__Exercise__. The range runs from the line containing "Fachada da propriedade" to the last line of the entries. Restate those lines word for word, without the pictures.

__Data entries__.
>>>

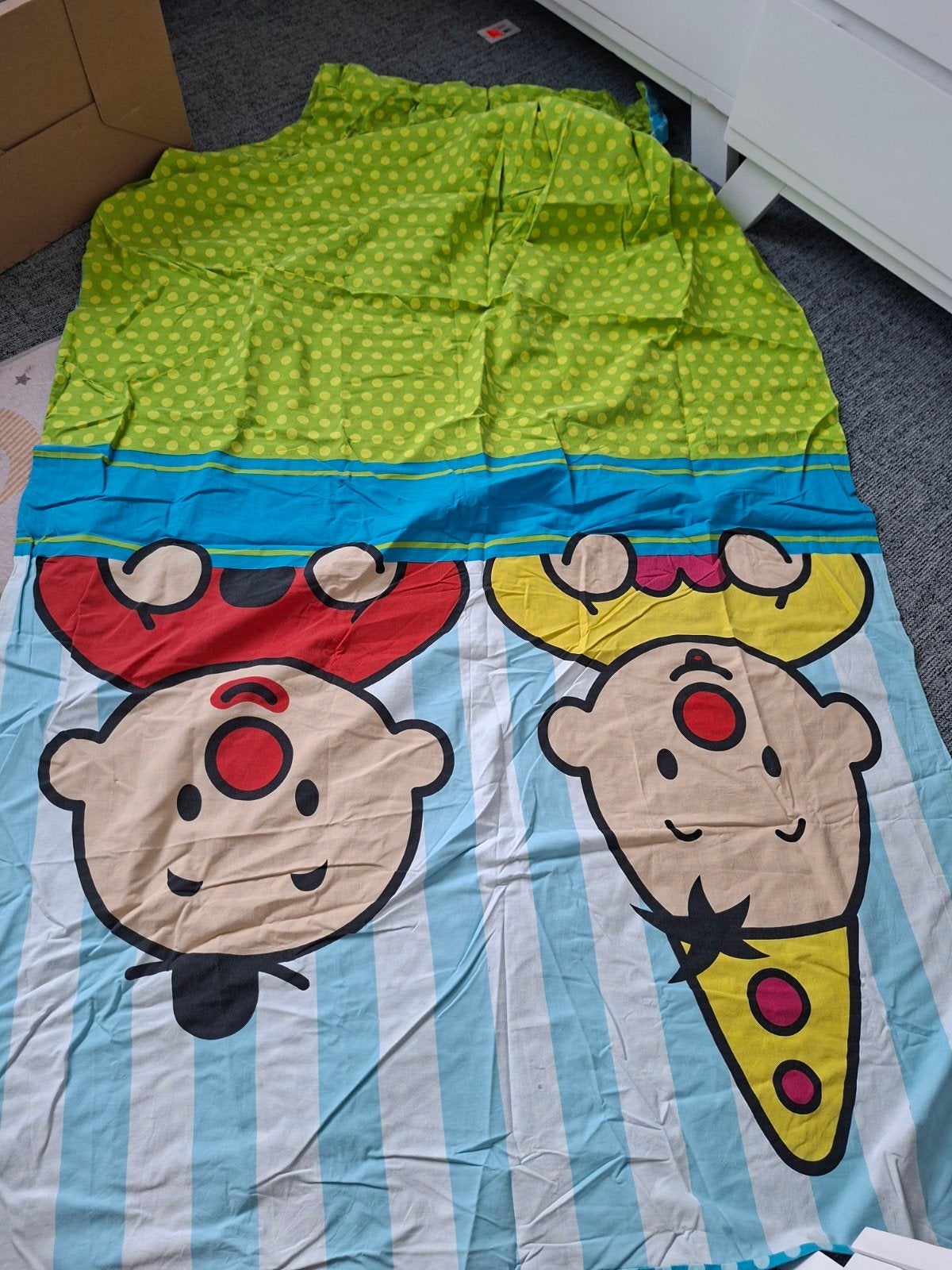 Bumba dekbedovertrek, Kinderen en Baby's, Ophalen, Dekbedovertrek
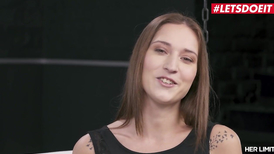 HER  - Smallish Milk Cans Supah-Mega-Bitch Mina K Turned Into An Subordinated Ass Fucking Mega-Hoe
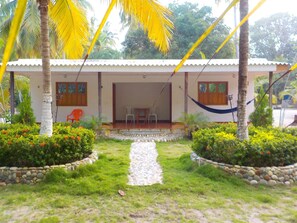 Fachada da propriedade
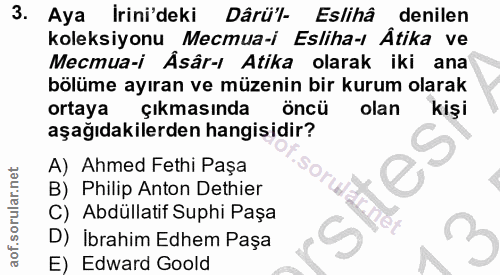 Soru 3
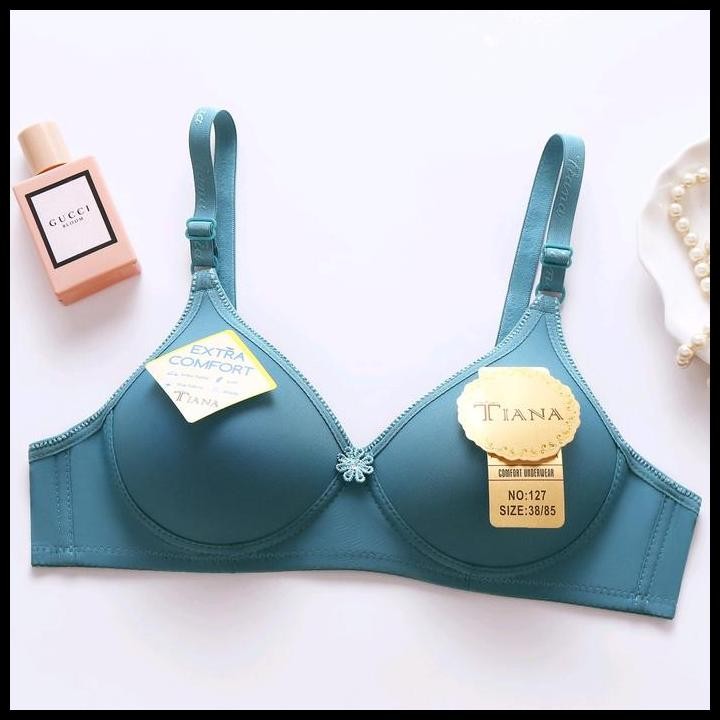 Terlaris Bh Tiana /Bh Polos Tampa Kawat Cup Kecil 127 Good Quality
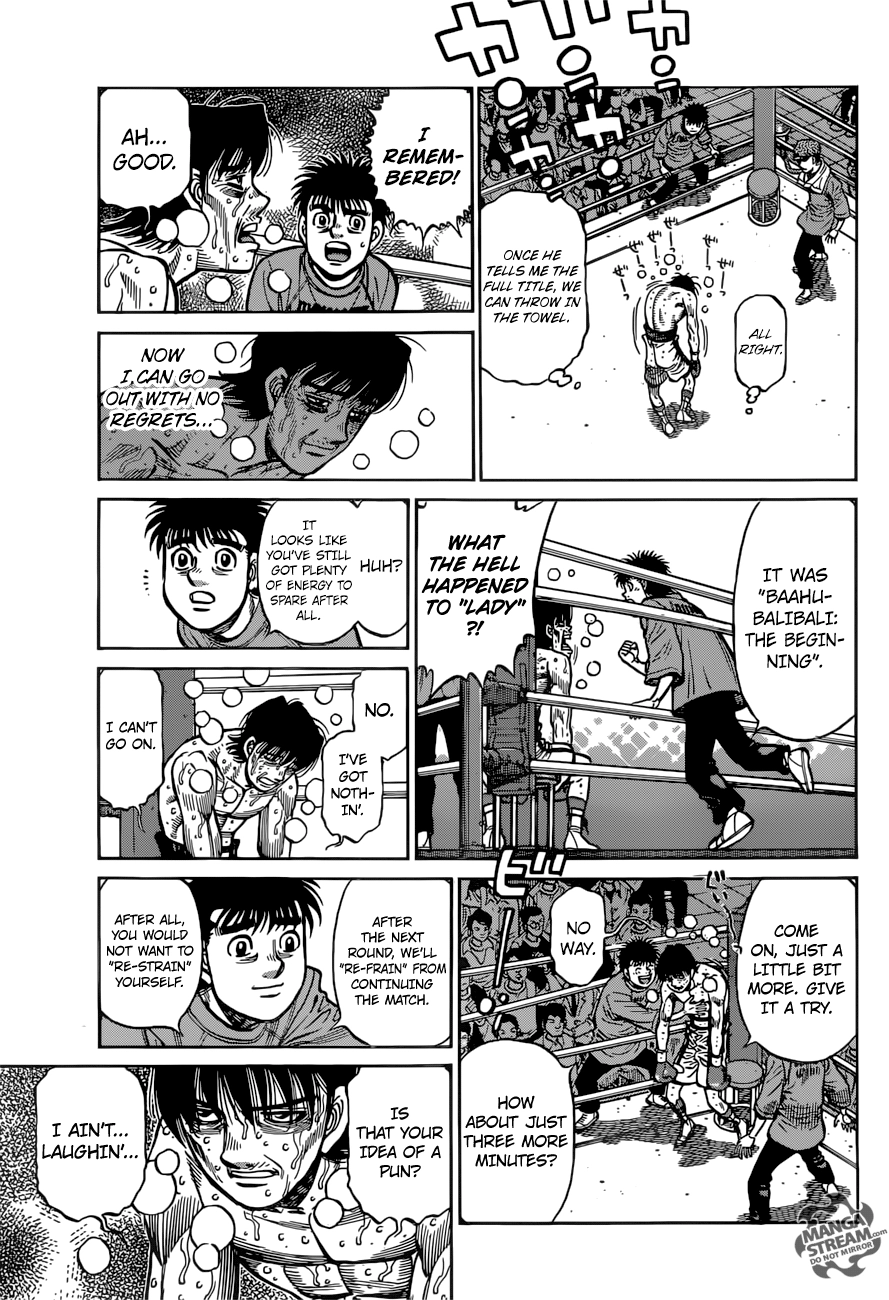 Read Hajime no Ippo Fighting Spirit EN Manga Online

<<<

__Result of the exercise__.
 Fachada da propriedade
 Soru 3
 Terlaris Bh Tiana /Bh Polos Tampa Kawat Cup Kecil 127 Good Quality
 Read Hajime no Ippo Fighting Spirit EN Manga Online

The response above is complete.